Automation keeps getting more and more capable. Automatic systems can take over tasks that used to be done by people, whether it is maintaining the proper temperature, automatically keeping an automobile within its assigned lane at the correct distance from the car in front, enabling airplanes to fly by themselves from takeoff to landing, or allowing ships to navigate by themselves. When the automation works, the tasks are usually done as well as or better than by people. Moreover, it saves people from the dull, dreary routine tasks, allowing more useful, productive use of time, reducing fatigue and error. But when the task gets too complex, automation tends to give up. This, of course, is precisely when it is needed the most. The paradox is that automation can take over the dull, dreary tasks, but fail with the complex ones.

When automation fails, it often does so without warning. … When the failure occurs, the human is “out of the loop.” This means that the person has not been paying much attention to the operation, and it takes time for the failure to be noticed and evaluated, and then to decide how to respond.

There is an increasing catalogue of these types of failures.
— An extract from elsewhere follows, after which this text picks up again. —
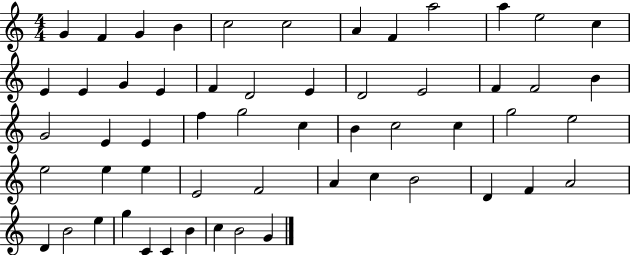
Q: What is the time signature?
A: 4/4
Air France flight 447, which crashed into the Atlantic in 2009, is a classic case. The autopilot suddenly handed to the pilots an otherwise well-functioning plane due to an airspeed indicator problem, leading to disaster. But perhaps this new type of failure is an acceptable result of the overall improvement in system safety or performance.

This human-machine mismatch is also a theme in Charles Perrow’s Normal Accidents. Perrow notes that many systems are poorly suited to human psychology, with long periods of inactivity interspersed by bunched workload. The humans are often pulled into the loop just at the moments things are starting to go wrong. The question is not how much work humans can safely do, but how little.